# PROBLEM STATEMENT
Find the line that contains "VERBATIM - ToughMAX"; please output it and each line after it, exactly as shown, up to the end of the entries below, skipping pictures.

---- EXCERPTED DATA

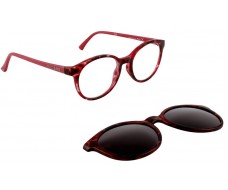 ΣΚΕΛΕΤΟΣ ΟΡΑΣΕΩΣ MILO & ME CLIP-ON JUNO ΜΕΓΕΘΟΣ 43/ΜΠΟΡΝΤΩ (col. D301)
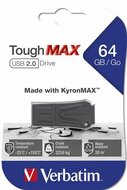 VERBATIM - ToughMAX 64 GB-os USB-meghajtó - 49332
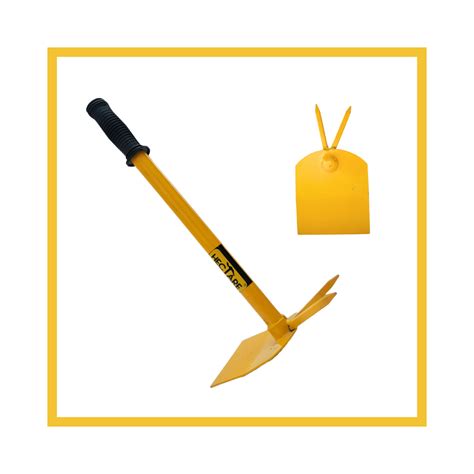 Hectare Traditional 2 in 1 Double Hoe | Buy Online at Best Price ...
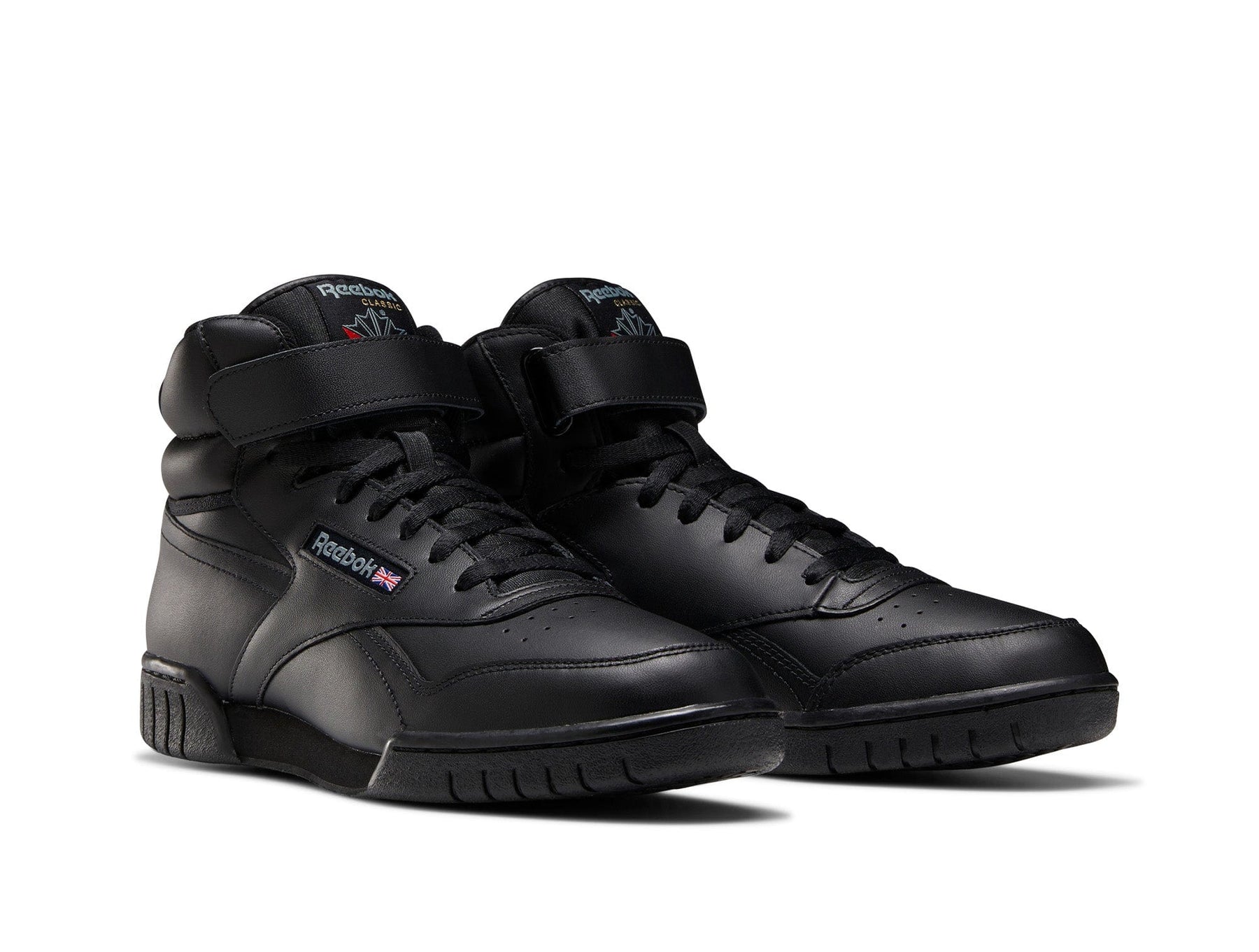Zapatilla Reebok Ex-O-Fit Hi Hombre Negro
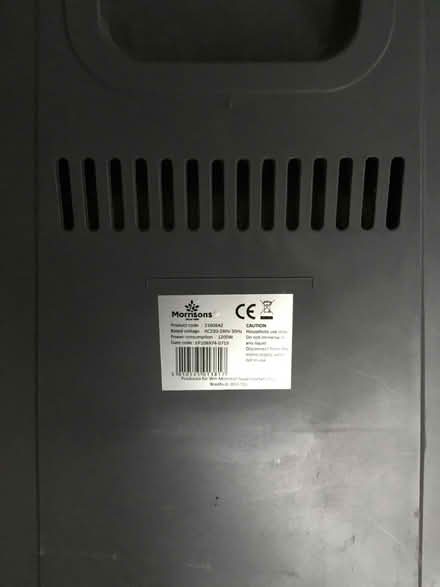 Photo of free Halogen Oscillating Heater (Stoneham SO50) #2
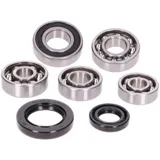 gearbox bearing set w/ oil seals for Honda Bali, Scoopy, SFX, X8R 50cc 2-stroke 42785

--------

# RESPONSE BOX
 VERBATIM - ToughMAX 64 GB-os USB-meghajtó - 49332
 Hectare Traditional 2 in 1 Double Hoe | Buy Online at Best Price ...
Zapatilla Reebok Ex-O-Fit Hi Hombre Negro
 Photo of free Halogen Oscillating Heater (Stoneham SO50) #2
 gearbox bearing set w/ oil seals for Honda Bali, Scoopy, SFX, X8R 50cc 2-stroke 42785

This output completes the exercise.